Drinking the Kool-Aid

When I first heard this expression I had never drunk Kool-Aid, I didn’t even know what it was, and I would have spelt it Coolade,

Kool-Aid is drink… and a wool dye. It does seem worrying that something you’d drink can also dye wool, but onion skins, beetroot and tea are also effective as dyes.

From the context I understood the phrase to mean “you’ve been brainwashed by corporate-speak, you shouldn’t believe everything you hear”.

Which is roughly correct. The origins of the term are more disturbing. It goes back to events in 1978 at a community known as Jonestown in Guyana (named after the founder Jim Jones; when people start naming stuff after themselves it should be a warning). The community was initially founded on socialist lines in the 1950s and known as the People’s Temple, but by 1978 had relocated to Guyana. When a US senator visited on a fact-finding mission and learned that some members of the community were unhappy, and wanted to return to America he offered to help anyone who wanted to leave.

By this time Jim Jones’ health had deteriorated, and he was paranoid about enemies from outside and from within the community. His security men attempted to stop those leaving, killing several people, including the senator at the nearby airport as they attempted to leave. He then induced more than 900 people to drink a poison-laden mixture, reported as kool-aid. This had been planned beforehand and was known by the Temple members as “revolutionary suicide”, it is now known as the “Jonestown Massacre”, and until 9/11 it was the single largest loss of US civilian lives apart from natural disasters.

The survivors returned to the US, and tried to build new lives. Fox News reported on some of their stories at the 30 year anniversary. It’s a litany of sorrow and guilt.

Somehow I don’t think I’ll be using this term.

Image; Fizzy Drink via Pixabay

Showrooming

This is a function of the rise of online shopping, and refers to people selecting an item to buy in a shop, but making the purchase later online.

It’s interesting that this pattern has evolved in the early days of online shopping there was a pattern in the other direction; to research a purchase online, but make the purchase in store. Perhaps as online stores have become more trusted and distribution has become more reliable customers have taken the opportunity to make price comparisons online.

I’m guilty of showrooming and I didn’t even know what it was.

HBR this week came up with four strategies to overcome showrooming, including offering in-store discounts or making sure your product mix includes items where in store purchase is intrinsically better – buying high-fashion clothes for example.

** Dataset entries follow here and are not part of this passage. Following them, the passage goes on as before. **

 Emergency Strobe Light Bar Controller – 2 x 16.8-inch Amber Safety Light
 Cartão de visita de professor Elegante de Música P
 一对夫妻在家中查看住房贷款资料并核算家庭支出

Alternatively provide a great in-store experience and a wow website and then worry less about where people buy – as long as it’s from you.

Image; showroom

Turnkey Solutions

A colleague came to me a while back really excited about a potential new supplier. The social solution they offered was perfect, fantastic, value for money and a turnkey solution. “Just think, we could have this in place in four weeks!” he said.

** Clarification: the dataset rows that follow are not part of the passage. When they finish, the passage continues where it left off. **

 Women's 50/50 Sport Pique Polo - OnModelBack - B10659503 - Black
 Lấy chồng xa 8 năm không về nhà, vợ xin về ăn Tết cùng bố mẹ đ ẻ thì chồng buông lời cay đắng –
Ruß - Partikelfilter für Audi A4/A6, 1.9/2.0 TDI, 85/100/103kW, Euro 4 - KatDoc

I think he was a bit underwhelmed by my reaction.

So what is a turnkey solution? Wikipedia gives this definition

The term turnkey is also often used in the technology industry, most commonly to describe pre-built computer “packages” in which everything needed to perform a certain type of task (e.g. audio editing) is put together by the supplier and sold as a bundle.

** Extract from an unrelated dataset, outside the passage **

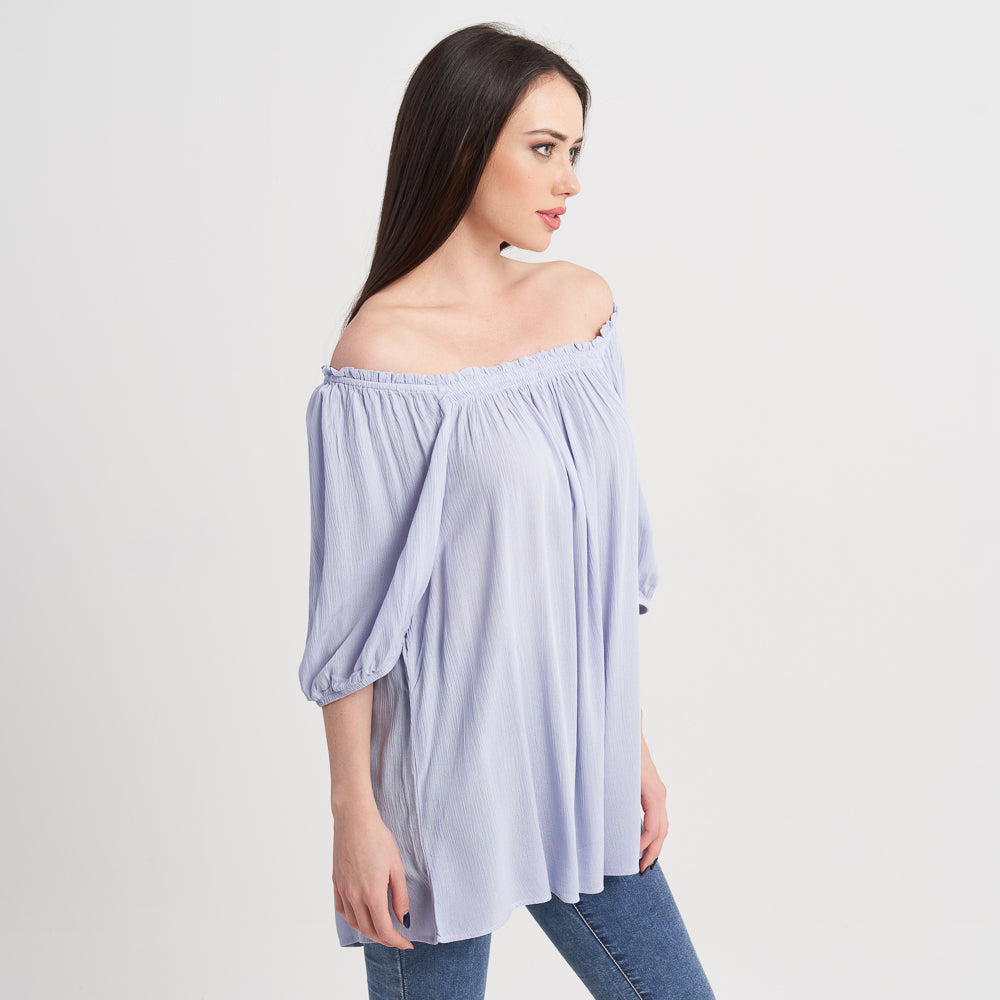 Z-One Women's Off-Shoulder Puff Sleeve Blouse - Light Blue Casual Top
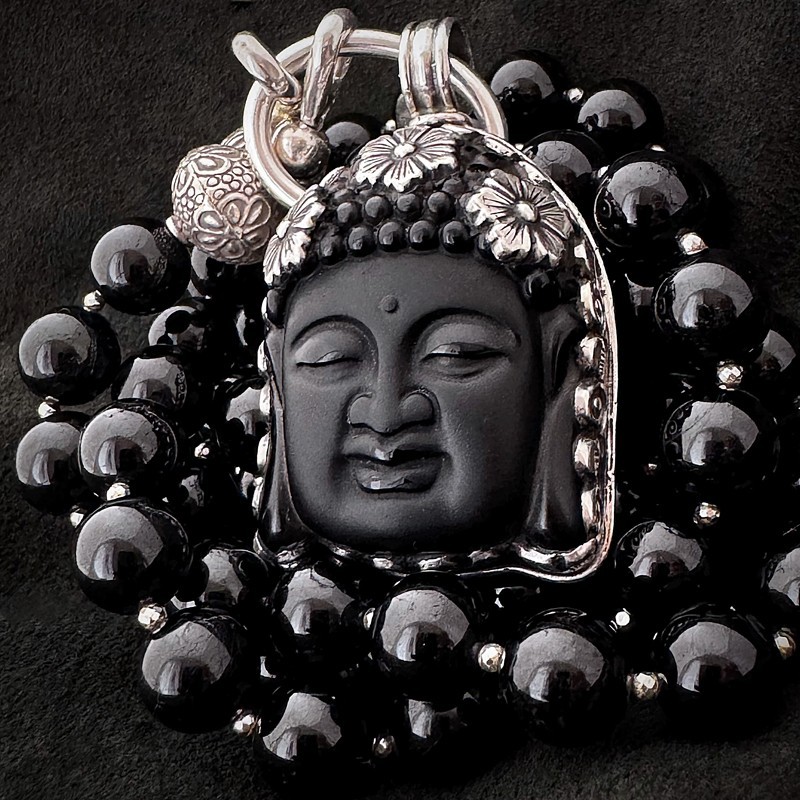 Turmalin Kette mit Buddha Anhänger aus Onyx & Silber | buddhapearls Berlin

The solution offered was theoretically turn-key that should be easily implemented. According to my colleague they’d implemented such things before.

So why did I find it hard to believe the four week timeline? Because in ten years of implementing technology solutions I’ve learnt that as soon as a solution needs to touch employee or customer data systems we need to follow tough procedures to make sure each step is taken correctly and with due concern for the protection of that data. That takes time, certainly more than four weeks.

So is anything a turnkey solution or is the term a myth?

The search engine we have in place on our external site behaves in this way. I think from the time we’d signed the contract until it was implemented was days rather than weeks. It’s an external tool, relying only on public – and published data. Although the supplier didn’t label it as such while they were selling the service, it is a turnkey solution.

When you hear the term used by a supplier think hard about your own company’s requirements and processes, what is turnkey for the supplier may not be turnkey for you.

Image keys via pixabay

 

Critical Mass


Wikipedia defines critical mass as the point when;

a sufficient number of adopters of an innovation in a social system so that the rate of adoption becomes self-sustaining and creates further growth.

When people will adopt depends on where they sit in the adoption lifecycle, and if you’re managing the implementation of a innovation into a company it’s crucial to help each group in their own adoption process. Critical mass is usually said to fall between the early adopters and the early majority, although some research puts it further into the early majority phase.

The five categories can be defined as:

  • innovators – eager to try something new, need little training
  • early adopters – quick to try something new, seek out new experiences, see benefits of the innovation
  • early majority – open to new ideas, will try something if the purpose is clear, influence to colleagues
  • late majority – want proof it works, safety and systems around anything they use,
  • laggards – reluctant to change, sometimes only change because their existing tool is obsolete, or no longer available.

Not everyone is the same type for all innovations I’m an example of someone who can be an early adopter with one innovation and a laggard with another – I joined Linkedin in about 2005, but didn’t get a smart phone until last year.

Critical mass, where the growth in adoption becomes self sustaining, is reached when the early majority start to take up your innovation.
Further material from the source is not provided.